Есть книги — “Мертвые души”, скажем, или “Пиковая дама”, которые как бы уже воплощены в зримом и окончательном действии. Никакое насильственное продление и расширение существования героев и образов ничего не прибавит, а только убавит. Достоевский человеческую жизнь понимал как приключение. И как катастрофу. Поэтому именно в “Бесах” — впрочем, и в других его романах — сюжет настолько разработан и пластичен, что как будто сам себя предлагает для экрана.
Ужасно было, когда я в монтажной собственными руками выкидывал кровавые куски отснятого кино — куски сюжета, куски Достоевского. По милости продюсера нужно было из двенадцати серий сделать восемь. Вот и получилось то, что получилось. Хотя хороша пара — Юра Колокольников и Леша Стычкин — Ставрогин и Петруша Верховенский, и замечательна Ирина Купченко — Варвара Петровна.

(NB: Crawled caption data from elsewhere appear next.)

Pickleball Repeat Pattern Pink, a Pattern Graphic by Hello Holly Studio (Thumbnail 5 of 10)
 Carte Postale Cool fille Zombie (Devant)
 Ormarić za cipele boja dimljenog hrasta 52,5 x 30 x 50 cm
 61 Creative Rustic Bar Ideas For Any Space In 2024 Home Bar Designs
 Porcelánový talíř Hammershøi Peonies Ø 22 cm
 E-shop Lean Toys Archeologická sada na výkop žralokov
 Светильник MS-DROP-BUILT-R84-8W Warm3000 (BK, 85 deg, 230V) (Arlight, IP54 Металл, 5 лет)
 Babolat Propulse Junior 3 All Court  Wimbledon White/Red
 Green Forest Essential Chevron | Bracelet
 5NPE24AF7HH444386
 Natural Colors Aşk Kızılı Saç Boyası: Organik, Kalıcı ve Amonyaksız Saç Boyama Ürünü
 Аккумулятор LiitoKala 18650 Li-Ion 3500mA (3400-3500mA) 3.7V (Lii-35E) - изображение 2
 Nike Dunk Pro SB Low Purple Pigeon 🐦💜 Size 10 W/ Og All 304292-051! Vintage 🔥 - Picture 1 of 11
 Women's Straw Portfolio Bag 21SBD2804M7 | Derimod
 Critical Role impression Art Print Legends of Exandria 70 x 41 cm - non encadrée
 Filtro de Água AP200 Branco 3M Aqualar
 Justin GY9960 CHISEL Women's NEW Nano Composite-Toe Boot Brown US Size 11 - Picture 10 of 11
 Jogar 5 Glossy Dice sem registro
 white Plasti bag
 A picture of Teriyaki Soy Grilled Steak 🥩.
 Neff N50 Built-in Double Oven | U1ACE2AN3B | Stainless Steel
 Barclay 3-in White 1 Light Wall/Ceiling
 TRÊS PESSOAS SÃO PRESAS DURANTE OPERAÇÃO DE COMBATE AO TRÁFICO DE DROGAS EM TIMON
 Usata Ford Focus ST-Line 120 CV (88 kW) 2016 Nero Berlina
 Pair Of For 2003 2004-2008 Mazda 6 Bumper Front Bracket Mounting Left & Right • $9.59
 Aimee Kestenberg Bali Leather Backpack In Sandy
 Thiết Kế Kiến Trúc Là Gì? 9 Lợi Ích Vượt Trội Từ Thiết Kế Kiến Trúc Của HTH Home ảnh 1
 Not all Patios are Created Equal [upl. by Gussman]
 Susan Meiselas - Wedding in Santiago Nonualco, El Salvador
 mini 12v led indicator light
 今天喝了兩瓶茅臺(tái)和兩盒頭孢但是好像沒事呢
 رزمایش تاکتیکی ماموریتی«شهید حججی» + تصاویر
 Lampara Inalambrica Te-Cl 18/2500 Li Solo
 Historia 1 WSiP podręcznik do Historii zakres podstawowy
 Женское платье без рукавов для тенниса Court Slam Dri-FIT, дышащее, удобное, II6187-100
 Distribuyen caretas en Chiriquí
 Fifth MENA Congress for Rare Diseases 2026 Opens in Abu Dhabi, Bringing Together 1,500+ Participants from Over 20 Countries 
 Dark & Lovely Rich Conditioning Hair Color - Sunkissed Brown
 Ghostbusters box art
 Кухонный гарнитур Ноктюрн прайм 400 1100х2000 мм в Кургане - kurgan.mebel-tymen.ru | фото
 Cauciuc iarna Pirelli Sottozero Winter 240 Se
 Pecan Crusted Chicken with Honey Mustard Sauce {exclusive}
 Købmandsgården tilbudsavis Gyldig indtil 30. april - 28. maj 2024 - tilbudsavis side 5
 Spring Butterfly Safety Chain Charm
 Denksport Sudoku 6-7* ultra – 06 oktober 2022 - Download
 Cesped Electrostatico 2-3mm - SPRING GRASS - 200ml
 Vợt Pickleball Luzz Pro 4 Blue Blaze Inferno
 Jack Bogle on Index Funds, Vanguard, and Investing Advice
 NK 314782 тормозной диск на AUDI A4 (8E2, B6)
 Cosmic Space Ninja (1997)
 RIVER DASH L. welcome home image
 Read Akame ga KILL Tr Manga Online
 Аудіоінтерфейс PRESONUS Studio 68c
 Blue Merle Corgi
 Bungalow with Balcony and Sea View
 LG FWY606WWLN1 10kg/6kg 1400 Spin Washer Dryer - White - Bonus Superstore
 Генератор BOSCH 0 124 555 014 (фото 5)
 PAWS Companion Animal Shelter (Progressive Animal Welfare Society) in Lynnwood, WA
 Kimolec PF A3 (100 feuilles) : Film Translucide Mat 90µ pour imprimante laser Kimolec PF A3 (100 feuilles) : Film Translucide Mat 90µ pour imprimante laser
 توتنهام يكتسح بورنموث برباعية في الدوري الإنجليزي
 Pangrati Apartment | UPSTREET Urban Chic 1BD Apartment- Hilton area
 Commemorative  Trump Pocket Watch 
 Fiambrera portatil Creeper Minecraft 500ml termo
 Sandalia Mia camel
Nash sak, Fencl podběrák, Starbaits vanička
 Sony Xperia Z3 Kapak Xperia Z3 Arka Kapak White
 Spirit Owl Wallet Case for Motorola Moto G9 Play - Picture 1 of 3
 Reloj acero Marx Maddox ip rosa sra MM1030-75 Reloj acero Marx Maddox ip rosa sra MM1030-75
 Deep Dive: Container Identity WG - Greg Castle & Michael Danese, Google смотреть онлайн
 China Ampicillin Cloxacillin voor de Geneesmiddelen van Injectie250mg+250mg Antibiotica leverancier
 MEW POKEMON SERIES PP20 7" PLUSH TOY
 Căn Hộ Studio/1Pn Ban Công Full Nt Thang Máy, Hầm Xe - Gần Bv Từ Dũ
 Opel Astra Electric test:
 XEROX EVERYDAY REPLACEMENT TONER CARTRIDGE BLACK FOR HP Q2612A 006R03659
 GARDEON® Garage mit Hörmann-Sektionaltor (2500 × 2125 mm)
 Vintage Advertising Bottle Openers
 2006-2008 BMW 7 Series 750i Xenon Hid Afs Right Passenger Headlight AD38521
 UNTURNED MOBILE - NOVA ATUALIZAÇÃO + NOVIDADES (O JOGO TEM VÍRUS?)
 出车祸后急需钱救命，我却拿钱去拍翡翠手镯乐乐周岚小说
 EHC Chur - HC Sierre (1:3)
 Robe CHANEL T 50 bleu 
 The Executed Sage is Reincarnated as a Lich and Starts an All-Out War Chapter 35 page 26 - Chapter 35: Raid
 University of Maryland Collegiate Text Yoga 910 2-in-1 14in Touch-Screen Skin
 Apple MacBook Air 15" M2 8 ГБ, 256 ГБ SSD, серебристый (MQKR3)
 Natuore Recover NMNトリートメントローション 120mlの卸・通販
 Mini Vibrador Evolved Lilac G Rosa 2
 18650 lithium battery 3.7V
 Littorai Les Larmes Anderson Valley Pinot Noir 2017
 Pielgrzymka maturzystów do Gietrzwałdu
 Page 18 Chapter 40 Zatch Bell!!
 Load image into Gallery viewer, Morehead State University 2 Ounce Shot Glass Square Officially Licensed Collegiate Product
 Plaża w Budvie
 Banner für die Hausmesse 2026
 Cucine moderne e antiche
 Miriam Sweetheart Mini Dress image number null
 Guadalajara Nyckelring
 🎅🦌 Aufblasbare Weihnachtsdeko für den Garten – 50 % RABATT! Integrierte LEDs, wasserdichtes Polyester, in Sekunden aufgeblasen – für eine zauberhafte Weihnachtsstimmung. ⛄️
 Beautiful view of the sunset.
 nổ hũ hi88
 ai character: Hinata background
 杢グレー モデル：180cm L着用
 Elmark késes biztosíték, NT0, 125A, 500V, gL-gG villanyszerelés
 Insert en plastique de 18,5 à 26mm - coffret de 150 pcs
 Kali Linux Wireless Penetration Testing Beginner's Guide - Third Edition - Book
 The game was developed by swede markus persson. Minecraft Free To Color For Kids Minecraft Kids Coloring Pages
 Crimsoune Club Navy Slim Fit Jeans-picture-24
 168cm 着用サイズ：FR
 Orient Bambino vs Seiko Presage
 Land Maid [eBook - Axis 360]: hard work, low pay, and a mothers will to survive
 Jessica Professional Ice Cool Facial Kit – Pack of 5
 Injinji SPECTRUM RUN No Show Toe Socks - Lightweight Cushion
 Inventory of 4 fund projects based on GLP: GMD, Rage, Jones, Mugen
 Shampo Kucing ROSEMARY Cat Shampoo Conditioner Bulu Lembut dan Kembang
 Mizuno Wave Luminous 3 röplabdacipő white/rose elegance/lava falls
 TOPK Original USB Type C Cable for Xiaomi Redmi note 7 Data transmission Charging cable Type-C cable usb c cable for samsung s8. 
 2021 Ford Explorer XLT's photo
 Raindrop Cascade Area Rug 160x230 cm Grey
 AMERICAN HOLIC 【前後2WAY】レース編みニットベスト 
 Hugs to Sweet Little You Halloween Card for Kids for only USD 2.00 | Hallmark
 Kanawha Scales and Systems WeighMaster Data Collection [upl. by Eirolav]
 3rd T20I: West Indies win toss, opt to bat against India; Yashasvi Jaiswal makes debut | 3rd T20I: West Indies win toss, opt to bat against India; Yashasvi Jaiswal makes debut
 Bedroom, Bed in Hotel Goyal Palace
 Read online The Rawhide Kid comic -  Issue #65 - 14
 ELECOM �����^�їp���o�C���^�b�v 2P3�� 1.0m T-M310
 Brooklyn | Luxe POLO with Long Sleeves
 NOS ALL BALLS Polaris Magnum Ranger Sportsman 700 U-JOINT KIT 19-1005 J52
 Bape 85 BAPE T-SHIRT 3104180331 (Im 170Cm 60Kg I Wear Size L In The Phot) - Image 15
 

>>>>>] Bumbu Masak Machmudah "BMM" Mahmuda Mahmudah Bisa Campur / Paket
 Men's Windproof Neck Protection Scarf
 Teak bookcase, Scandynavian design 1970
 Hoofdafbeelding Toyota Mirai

Поездка в Старую Руссу, хоть “Городок” так и не превратился в кино, все-таки даром не прошла. Все становится опытом. Ошибки в первую очередь. И в том, что сценарий не был поставлен, виню прежде всего себя. Слишком уж откровенно, слишком взволнованно захотел выразить все, что переживалось и думалось тогда — в преддверии и предчувствии 90-х.
Ох, кабы знать каждый раз, что будет в будущем…
Наброски из ненаписанного романа
Промозглым сумеречным днем — в Эльсиноре — подросток в полупальто остановился на углу улицы. Здесь стоял жуковатый “нерусский” старик с деревянным ящиком на груди. На передней стенке ящика была наклеена выцветшая картинка с изображением Венеции, на ящике сидела мрачная морская свинка. Она достала рыльцем билетик. Сашка развернул его. “В этом 53-м году вас ждет большое и неожиданное счастье в личной жизни…”
В гостинице Сашка уходил в умывальню, запирал дверь и, глядя на себя в зеркало, шептал на разные лады: “Мама! Он изменяет тебе! Мама, он изменяет…” Репетировал. И совсем уж было собрался с духом, но мама разбила его чашку с розочками и горько плакала.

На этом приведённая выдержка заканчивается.